U.S. women’s head coach Ellis supports players’ lawsuit

FILE PHOTO: Feb 27, 2019; Chester, PA, USA; United States head coach Jill Ellis looks on before a She Believes Cup women's soccer match against Japan at Talen Energy Stadium. Mandatory Credit: Bill Streicher-USA TODAY Sports/File Photo

NEW YORK (Reuters) – U.S. women’s national soccer team coach Jill Ellis threw her support behind her players on Saturday after all 28 members of the reigning World Cup champions’ squad filed a suit against U.S. Soccer for gender discrimination.

The lawsuit alleges that the women players were paid less than their male counterparts despite performing better, and were provided with inferior playing and training conditions.

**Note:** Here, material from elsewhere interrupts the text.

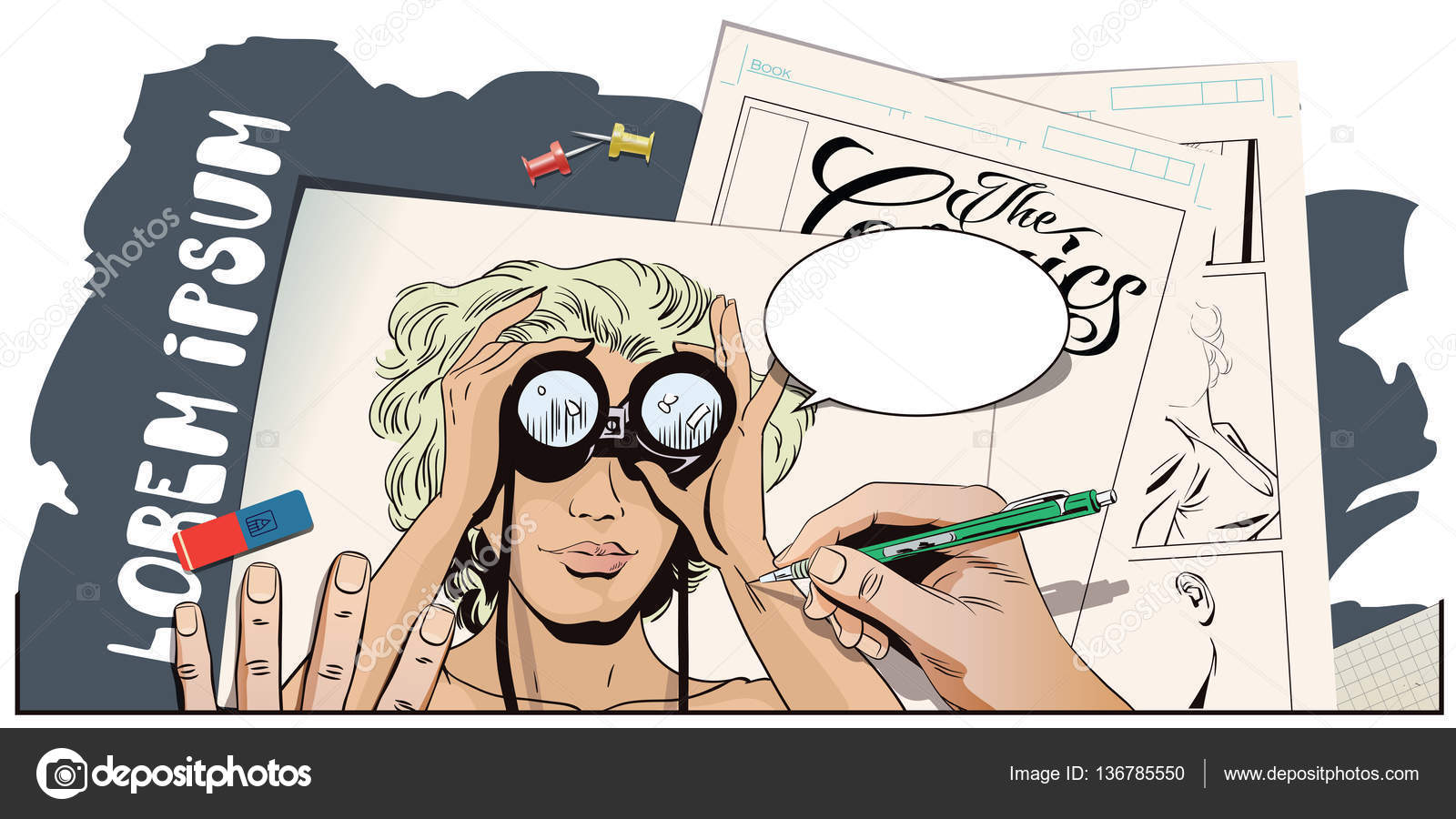 女の子は 双眼鏡で見えます 彼女の髪が風になびく ストックベクター C Bomg11 女の子は 双眼鏡で見えます 彼女の髪が風になびく ストックベクター C Bomg11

“I’m definitely in support,” Ellis told reporters, adding that the players called her before announcing the lawsuit but did not discuss it with her ahead of filing it.

Ellis, who as head coach is employed by the U.S. soccer federation, is in a unique position as both a representative of the players and the athletic body targeted in the lawsuit.

“(I) recognise moments where we have to continue to push the envelope,” Ellis said. “It’s not hard to navigate because I’m in that world and my players know I support them.”

The lawsuit rekindled the debate around gender pay equality and garnered the support of sports’ biggest stars, including 23-times tennis grand slam champion Serena Williams.

“The pay gap has been there for a very long time. And this is across all industries. And soccer was no different,” said two-times gold medallist Aly Wagner, who was part of the 2008 Olympic team with plaintiffs Tobin Heath and Carli Lloyd.

“I know what we went through when I was playing,” Wagner said. “Things weren’t always equitable.”

The U.S. women’s national soccer team, a stalwart of American athletics with three World Cup titles and four Olympic gold medals to their name, will enter this year’s women’s World Cup in June among the favourites to win the tournament.

Leslie Osborne, who played for the U.S. women’s team in the 2007 World Cup, said the suit was overdue.

“(The players) know that they have leverage going into this next women’s World Cup,” Osborne said.

“I think the fact that they are doing this – and every single player is doing it together – is so strong and their voice is going to be heard regardless,” she added.

“And people from all over the world are watching this team go through this.”